Crise no PT

O PT, às vésperas de completar 27 anos de existência, arrosta uma crise que o deixa com a cara de um retrato de Dorian Gray. A vitória esmagadora de Lula para um segundo mandato parecia ter aparado as arestas existentes desde que um grupo fisiológico, porém majoritário, dobrou-se às manobras do que seria a cultura antiética da política brasileira. Muitos desse grupo, denominado Campo Majoritário, mamaram nas tetas de um sistema político em que a ética passou a ser um luxo pequeno-burguês desprezível. E o dinheiro do povo uma propriedade comunal, que fica com quem põe a mão primeiro.

A crise terá seu dia D amanhã, com a divulgação de um documento redigido pelo ministro das Relações Institucionais, Tarso Genro, denominado Mensagem ao partido. Nele, pelo que se informa, o que resta do petismo ético desanca o tal de Campo Majoritário, o PT de muitos pecados que se apresenta angelical, mas que desmascarado vai evidenciar os ferimentos que as diversas crises atravessadas causaram. O documento ressuscita a crise do mensalão e volta a apresentar a tese, antes já defendida por Tarso Genro e seu grupo, da necessidade de refundação autêntica do partido, para recolocá-lo nos trilhos.

Evidencia-se que há dois PTs, um governista, o do Campo Majoritário, e o autêntico, que quer recuperar as idéias e as bandeiras éticas que foram a base da sua fundação e conduziram a agremiação até a primeira eleição de Lula. Desse quadro pode-se tirar a conclusão de que Lula voltou ao poder, para um segundo mandato, sem o PT ou apenas com uma fatia dele – a maior, porém a mais fisiológica, mais comprometida com os escândalos e mais conivente com a organização de um governo condominial. O tal Campo Majoritário não passa de mais um grupo entre os muitos que porfiam por posições e cargos, até aceitando renunciar ao que, de direito, deveria caber ao PT, se considerado ainda o partido de Lula.

Os líderes do grupo estão prontos para a guerra. A reação aos ataques dos autênticos, comandados pelo ministro Tarso Genro, está sob a batuta de Ricardo Berzoini, atual presidente do partido, que desse posto foi afastado quando seu nome foi envolvido no ?dossiêgate?. Nesse episódio, foi substituído por Marco Aurélio Garcia, assessor internacional de Lula. Agora ele deixa a direção interina e volta à assessoria. E ainda é encarregado de redigir um segundo documento, contra-ataque ou defesa da Mensagem ao partido. A principal e talvez decisiva batalha entre os dois grupos vai acontecer na reunião do diretório nacional do PT, marcada para o dia 10 de fevereiro, em Salvador. Na noite da véspera, também em Salvador, o partido festejará seu 27.º ano de fundação num jantar presidido por Lula. O presidente observa a batalha a distância, evitando envolver-se no arranca-rabo.

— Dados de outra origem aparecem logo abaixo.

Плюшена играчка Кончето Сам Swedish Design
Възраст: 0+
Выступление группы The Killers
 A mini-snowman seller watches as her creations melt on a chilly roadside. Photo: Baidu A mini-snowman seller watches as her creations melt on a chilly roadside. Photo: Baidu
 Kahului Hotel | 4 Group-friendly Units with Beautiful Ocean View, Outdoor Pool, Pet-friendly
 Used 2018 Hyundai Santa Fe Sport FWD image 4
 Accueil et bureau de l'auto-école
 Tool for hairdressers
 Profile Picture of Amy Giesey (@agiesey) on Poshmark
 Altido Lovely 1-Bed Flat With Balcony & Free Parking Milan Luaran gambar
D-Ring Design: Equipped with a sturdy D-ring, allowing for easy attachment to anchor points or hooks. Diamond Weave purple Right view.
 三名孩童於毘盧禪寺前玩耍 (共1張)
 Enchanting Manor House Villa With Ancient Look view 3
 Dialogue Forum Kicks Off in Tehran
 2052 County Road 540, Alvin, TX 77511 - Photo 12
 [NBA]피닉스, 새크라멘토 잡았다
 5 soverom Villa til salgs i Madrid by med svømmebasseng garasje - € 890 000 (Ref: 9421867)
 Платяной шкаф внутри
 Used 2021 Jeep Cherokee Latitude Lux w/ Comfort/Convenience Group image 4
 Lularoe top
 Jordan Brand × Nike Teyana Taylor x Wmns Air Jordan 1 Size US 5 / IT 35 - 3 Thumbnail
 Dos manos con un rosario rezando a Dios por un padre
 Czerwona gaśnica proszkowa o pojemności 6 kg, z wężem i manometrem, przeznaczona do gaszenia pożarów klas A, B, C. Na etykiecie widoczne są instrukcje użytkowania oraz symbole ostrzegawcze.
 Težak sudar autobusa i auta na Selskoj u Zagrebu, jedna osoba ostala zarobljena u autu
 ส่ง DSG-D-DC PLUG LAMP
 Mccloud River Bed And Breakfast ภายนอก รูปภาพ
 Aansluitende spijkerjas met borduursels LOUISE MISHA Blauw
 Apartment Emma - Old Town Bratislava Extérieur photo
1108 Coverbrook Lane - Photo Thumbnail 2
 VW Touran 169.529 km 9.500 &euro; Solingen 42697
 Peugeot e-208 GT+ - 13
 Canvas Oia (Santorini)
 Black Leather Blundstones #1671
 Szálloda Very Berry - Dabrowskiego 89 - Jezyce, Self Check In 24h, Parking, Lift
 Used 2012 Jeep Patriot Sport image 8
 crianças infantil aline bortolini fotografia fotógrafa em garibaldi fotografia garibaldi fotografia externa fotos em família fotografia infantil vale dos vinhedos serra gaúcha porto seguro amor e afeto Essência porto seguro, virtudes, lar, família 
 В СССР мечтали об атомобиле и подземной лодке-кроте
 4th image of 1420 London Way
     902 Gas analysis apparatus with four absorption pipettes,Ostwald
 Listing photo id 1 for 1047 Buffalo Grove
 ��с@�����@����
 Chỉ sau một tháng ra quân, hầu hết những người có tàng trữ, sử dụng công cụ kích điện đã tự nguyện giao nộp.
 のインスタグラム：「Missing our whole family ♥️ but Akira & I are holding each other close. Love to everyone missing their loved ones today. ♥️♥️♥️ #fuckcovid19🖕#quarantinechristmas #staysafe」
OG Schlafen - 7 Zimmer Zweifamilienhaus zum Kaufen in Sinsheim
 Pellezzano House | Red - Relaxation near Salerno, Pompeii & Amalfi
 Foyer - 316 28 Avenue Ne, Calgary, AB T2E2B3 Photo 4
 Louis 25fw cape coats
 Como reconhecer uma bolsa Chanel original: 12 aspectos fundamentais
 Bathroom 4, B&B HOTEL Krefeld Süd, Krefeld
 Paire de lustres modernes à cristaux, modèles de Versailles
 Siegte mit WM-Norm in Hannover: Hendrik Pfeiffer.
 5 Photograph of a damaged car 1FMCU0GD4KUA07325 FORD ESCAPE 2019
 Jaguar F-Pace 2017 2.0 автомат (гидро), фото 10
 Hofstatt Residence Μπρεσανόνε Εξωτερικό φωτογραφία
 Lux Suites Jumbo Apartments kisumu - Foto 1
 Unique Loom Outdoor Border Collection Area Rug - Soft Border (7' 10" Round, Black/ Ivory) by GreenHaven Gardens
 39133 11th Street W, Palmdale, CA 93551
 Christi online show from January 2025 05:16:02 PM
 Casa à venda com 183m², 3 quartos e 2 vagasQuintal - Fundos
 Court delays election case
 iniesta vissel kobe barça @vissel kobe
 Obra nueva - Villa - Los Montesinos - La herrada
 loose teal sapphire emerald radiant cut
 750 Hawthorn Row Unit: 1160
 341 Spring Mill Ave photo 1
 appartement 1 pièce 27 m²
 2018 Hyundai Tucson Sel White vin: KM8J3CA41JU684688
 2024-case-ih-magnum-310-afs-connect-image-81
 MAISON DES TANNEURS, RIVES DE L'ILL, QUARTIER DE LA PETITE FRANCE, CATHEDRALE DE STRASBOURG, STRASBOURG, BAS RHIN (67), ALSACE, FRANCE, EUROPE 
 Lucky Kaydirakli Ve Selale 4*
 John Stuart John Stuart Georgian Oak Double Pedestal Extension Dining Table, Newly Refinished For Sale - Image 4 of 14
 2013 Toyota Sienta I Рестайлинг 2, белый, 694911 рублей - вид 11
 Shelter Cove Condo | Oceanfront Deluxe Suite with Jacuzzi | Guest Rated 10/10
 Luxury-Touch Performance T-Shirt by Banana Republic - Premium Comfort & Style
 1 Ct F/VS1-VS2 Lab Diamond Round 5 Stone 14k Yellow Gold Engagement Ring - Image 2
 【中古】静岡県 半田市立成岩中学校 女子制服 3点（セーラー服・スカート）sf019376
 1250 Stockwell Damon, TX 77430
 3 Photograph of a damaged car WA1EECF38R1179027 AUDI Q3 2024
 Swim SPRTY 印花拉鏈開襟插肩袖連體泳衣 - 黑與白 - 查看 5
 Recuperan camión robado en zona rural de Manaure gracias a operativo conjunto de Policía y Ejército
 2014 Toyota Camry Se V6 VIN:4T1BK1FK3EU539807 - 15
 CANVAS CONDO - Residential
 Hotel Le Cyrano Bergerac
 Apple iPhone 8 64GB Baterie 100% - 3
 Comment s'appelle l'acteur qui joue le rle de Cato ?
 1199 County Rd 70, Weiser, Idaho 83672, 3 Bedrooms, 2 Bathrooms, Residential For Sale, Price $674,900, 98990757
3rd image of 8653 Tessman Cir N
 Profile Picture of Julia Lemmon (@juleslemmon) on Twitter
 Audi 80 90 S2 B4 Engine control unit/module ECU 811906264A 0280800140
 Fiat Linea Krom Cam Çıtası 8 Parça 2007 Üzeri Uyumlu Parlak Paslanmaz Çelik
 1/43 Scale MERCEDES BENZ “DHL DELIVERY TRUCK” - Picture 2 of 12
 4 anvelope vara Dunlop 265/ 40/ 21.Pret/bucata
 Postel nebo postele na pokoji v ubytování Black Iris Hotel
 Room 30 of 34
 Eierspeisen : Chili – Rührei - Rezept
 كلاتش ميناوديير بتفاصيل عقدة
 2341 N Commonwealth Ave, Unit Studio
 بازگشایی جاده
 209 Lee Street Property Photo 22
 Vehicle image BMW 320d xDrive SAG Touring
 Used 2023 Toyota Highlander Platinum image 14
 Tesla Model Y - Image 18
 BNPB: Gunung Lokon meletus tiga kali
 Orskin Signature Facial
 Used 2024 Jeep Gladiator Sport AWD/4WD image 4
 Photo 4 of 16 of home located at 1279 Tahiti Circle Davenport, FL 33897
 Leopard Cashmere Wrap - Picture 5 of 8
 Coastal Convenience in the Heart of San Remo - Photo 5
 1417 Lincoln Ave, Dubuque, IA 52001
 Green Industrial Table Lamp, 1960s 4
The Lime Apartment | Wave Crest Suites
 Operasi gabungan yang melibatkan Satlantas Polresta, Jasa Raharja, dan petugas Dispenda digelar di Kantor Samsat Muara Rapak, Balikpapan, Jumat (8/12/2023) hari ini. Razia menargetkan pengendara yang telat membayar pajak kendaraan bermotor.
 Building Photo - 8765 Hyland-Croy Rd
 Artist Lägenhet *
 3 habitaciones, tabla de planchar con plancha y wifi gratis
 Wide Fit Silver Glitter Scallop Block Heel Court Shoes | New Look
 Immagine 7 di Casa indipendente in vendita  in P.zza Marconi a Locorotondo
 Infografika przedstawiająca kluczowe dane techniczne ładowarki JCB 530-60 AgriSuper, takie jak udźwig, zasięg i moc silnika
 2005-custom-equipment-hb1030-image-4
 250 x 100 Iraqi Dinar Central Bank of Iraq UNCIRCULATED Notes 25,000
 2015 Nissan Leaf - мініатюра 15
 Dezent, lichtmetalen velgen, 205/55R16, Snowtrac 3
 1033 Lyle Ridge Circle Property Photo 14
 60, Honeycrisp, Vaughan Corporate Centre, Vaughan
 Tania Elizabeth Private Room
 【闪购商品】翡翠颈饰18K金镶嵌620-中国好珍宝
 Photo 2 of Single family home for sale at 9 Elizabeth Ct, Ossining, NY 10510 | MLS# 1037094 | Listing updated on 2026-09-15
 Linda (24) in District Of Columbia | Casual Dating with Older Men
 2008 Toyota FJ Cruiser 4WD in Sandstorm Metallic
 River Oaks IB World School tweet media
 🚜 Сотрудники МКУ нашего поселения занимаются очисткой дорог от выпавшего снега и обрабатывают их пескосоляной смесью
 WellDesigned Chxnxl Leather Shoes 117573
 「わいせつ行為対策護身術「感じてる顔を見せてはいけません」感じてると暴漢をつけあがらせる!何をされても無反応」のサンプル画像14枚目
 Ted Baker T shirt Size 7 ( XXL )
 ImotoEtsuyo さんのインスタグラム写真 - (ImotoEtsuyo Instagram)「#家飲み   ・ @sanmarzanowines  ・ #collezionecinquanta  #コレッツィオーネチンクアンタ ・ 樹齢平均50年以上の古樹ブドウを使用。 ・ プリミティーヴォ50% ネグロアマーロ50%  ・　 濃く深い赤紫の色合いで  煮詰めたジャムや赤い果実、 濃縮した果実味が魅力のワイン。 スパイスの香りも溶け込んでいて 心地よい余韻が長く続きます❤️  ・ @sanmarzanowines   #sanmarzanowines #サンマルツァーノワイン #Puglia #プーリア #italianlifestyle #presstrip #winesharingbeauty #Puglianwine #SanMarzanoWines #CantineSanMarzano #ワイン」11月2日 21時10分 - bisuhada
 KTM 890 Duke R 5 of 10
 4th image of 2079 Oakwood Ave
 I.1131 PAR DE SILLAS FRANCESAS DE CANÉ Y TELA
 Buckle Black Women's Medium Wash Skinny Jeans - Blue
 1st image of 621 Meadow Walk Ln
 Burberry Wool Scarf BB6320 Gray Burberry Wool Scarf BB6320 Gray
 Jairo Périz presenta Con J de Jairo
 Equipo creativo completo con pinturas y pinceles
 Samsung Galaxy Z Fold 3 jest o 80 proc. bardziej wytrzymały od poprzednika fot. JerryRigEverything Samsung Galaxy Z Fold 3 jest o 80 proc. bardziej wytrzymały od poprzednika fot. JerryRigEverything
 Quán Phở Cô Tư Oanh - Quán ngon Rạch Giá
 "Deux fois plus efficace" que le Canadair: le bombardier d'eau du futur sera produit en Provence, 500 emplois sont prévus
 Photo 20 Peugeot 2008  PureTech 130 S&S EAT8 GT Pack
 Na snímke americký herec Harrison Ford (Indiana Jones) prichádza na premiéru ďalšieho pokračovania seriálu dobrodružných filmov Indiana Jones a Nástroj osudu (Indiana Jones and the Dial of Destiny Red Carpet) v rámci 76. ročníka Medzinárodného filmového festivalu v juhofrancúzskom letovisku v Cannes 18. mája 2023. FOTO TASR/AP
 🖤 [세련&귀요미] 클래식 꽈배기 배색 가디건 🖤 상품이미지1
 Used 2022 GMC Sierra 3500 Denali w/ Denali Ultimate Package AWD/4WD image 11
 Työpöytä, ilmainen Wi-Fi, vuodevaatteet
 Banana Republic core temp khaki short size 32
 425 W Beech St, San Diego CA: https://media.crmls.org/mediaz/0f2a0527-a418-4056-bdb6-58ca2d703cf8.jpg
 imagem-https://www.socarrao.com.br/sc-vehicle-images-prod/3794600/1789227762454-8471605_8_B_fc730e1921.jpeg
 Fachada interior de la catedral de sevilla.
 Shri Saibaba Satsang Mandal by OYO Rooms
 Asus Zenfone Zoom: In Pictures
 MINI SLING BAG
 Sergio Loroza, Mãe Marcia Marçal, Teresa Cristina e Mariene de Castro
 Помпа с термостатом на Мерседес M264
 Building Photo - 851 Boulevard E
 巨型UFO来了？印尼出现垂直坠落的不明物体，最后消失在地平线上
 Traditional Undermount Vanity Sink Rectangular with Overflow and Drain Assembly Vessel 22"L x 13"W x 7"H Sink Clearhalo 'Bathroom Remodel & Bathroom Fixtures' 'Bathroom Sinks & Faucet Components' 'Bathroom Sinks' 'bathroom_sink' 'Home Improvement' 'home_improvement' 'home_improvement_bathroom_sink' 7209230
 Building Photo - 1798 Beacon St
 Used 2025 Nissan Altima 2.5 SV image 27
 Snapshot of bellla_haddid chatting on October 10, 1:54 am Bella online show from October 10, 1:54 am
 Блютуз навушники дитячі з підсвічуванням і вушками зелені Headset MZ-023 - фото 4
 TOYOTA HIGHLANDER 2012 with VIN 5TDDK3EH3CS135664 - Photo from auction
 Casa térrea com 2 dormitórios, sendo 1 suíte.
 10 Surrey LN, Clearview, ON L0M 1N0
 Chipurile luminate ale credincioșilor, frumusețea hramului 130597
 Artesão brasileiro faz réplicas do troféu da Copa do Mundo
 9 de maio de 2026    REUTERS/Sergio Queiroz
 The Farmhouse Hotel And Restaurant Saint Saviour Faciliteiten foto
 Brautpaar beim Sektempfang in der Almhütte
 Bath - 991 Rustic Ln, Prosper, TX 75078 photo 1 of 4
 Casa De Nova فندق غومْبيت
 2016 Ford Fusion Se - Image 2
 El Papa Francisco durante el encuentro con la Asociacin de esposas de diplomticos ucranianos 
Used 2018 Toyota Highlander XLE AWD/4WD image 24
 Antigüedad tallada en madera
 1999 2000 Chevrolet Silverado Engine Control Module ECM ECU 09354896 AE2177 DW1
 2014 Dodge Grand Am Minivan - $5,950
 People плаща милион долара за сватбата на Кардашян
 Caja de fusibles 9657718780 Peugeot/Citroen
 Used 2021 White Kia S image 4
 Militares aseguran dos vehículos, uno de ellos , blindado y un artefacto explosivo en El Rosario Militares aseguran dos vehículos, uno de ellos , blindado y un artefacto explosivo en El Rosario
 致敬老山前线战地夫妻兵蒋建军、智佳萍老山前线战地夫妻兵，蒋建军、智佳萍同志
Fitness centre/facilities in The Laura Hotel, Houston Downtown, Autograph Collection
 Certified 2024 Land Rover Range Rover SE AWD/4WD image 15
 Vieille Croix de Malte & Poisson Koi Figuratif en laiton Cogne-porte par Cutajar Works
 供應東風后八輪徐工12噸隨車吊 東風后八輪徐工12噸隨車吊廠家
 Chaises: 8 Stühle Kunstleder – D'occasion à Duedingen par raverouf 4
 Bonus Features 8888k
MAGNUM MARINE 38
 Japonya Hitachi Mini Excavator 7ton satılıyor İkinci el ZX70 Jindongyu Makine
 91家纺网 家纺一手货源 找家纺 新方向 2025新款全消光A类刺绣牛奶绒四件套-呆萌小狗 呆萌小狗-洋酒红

Pelo que se sabe, o documento de Genro está longe de ser água com açúcar ou um prato apetitoso para o jantar festivo. Incorporaria versões de líderes de esquerda do petismo. Seus termos ácidos dizem que o partido ainda não superou a crise ética que corrói sua reputação desde 2005. Crise de corrupção ética e programática. O manifesto não considera a crise do PT um episódio conjuntural. Nem o atribui a desvios comportamentais ou meros abusos de poder e de confiança. Afirma que foi uma crise provocada por ?um modo de construção eleitoralista? e pelo afastamento do PT ?das organizações de base e do mundo do trabalho e da utopia socialista?. A conclusão mais provável é que o presidente fica com seu condomínio político e uma sigla PT situacionista aceitando morar no governo de segunda. Quem sabe no porão ou no sótão, onde se guardam as tralhas que já serviram e um dia ainda podem ser reaproveitadas.